INSTRUCTIONS FOR THE TASK: Could you transcribe each record below exactly as written, setting the pictures aside?

INFORMATION PROVIDED:
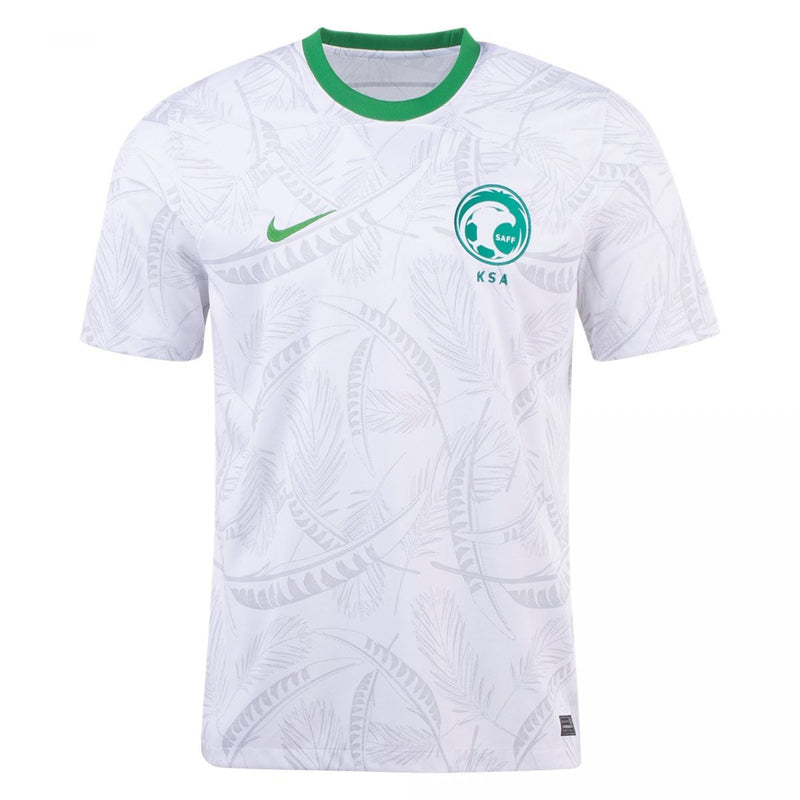 Saudi Arabia 22/23 I Home Jersey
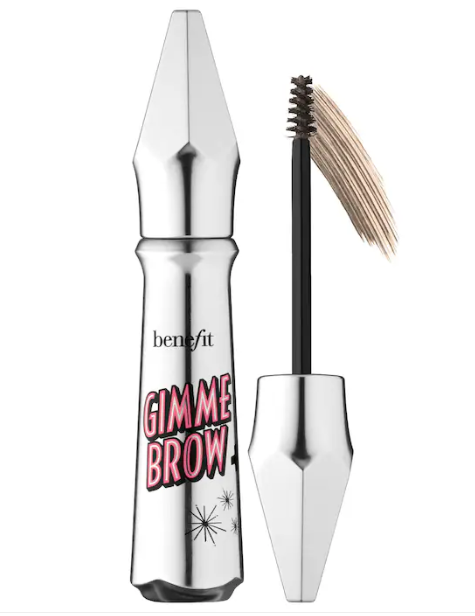 Benefit Cosmetics Gimme Brow+ Tinted Volumizing Eyebrow Gel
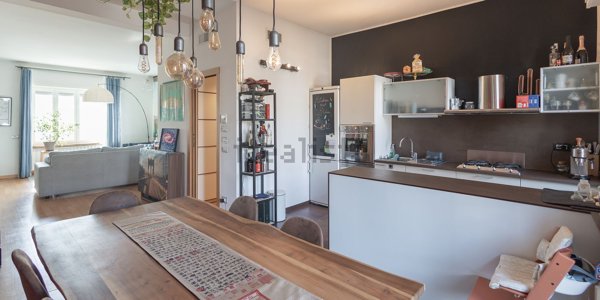 appartamento in vendita a Milano in zona XXII Marzo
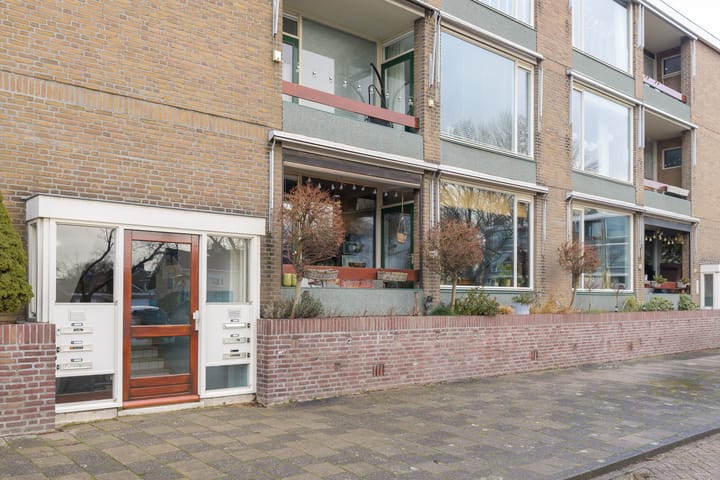 Foto 6 van Scheldestraat 37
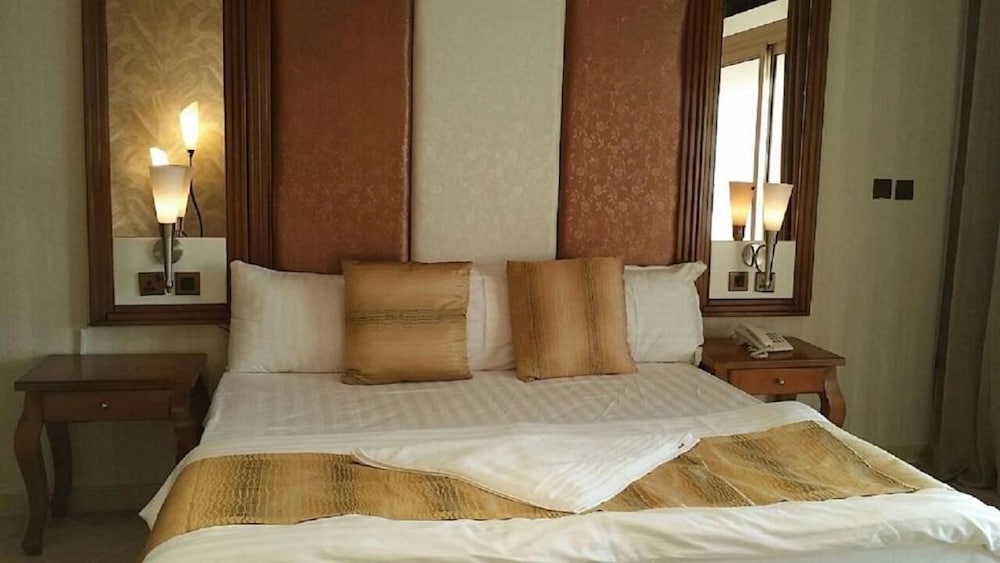 Apartment, 2 Bedrooms, Balcony, Sea View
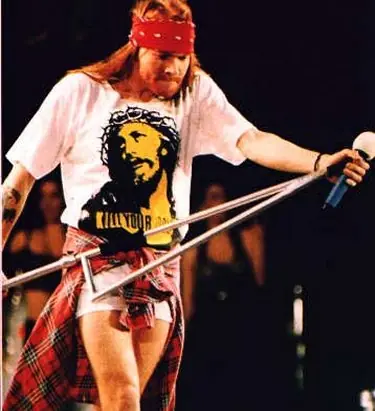 axl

ANSWER TO THIS TASK:
 Saudi Arabia 22/23 I Home Jersey
 Benefit Cosmetics Gimme Brow+ Tinted Volumizing Eyebrow Gel
 appartamento in vendita a Milano in zona XXII Marzo
 Foto 6 van Scheldestraat 37
 Apartment, 2 Bedrooms, Balcony, Sea View
 axl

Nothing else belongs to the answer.